(Short text fragments from websites)

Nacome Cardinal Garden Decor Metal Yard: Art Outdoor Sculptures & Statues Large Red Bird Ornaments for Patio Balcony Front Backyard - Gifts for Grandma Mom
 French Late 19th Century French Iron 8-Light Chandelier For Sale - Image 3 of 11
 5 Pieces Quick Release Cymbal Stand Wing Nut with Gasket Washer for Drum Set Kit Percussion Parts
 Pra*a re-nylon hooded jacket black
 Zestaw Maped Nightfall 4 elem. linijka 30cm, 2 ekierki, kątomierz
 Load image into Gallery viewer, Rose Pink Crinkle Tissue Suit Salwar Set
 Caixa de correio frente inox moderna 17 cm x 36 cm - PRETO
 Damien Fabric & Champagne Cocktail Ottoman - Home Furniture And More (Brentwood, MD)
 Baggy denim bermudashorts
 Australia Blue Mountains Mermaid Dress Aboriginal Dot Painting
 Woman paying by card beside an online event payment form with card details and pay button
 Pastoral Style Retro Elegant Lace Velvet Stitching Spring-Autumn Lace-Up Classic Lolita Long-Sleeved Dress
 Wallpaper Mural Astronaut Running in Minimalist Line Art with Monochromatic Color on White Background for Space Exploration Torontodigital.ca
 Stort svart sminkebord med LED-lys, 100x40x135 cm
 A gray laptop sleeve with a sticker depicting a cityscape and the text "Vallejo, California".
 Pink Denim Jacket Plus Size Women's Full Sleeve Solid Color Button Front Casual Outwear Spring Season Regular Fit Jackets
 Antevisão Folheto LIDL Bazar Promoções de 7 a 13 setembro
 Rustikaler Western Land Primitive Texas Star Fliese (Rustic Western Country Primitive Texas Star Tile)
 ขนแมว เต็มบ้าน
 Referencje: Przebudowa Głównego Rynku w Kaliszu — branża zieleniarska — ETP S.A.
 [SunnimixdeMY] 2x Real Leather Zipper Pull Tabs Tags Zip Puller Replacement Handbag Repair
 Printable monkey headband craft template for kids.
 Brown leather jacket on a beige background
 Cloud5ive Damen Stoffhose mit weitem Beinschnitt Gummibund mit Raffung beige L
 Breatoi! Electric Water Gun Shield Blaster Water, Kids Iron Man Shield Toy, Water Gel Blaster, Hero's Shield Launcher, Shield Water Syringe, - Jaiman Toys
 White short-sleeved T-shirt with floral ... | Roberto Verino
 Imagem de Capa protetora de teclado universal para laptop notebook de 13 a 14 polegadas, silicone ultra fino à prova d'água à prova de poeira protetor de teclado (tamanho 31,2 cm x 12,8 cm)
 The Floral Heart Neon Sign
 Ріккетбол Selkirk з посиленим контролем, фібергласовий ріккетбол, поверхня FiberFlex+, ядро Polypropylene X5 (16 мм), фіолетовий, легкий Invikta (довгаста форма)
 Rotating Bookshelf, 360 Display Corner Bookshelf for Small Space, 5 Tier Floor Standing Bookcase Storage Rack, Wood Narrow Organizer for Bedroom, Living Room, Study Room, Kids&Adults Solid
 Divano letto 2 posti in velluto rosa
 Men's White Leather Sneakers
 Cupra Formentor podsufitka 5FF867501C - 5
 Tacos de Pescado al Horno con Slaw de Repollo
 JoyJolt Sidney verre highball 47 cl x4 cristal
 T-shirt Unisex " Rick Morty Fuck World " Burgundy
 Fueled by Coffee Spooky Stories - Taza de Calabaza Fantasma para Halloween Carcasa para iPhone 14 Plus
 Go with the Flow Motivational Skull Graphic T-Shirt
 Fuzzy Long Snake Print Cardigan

*Assignment*:
Return all lines in the entries above that carry the word "Dress".

*Reply to the task*:
 Australia Blue Mountains Mermaid Dress Aboriginal Dot Painting
 Pastoral Style Retro Elegant Lace Velvet Stitching Spring-Autumn Lace-Up Classic Lolita Long-Sleeved Dress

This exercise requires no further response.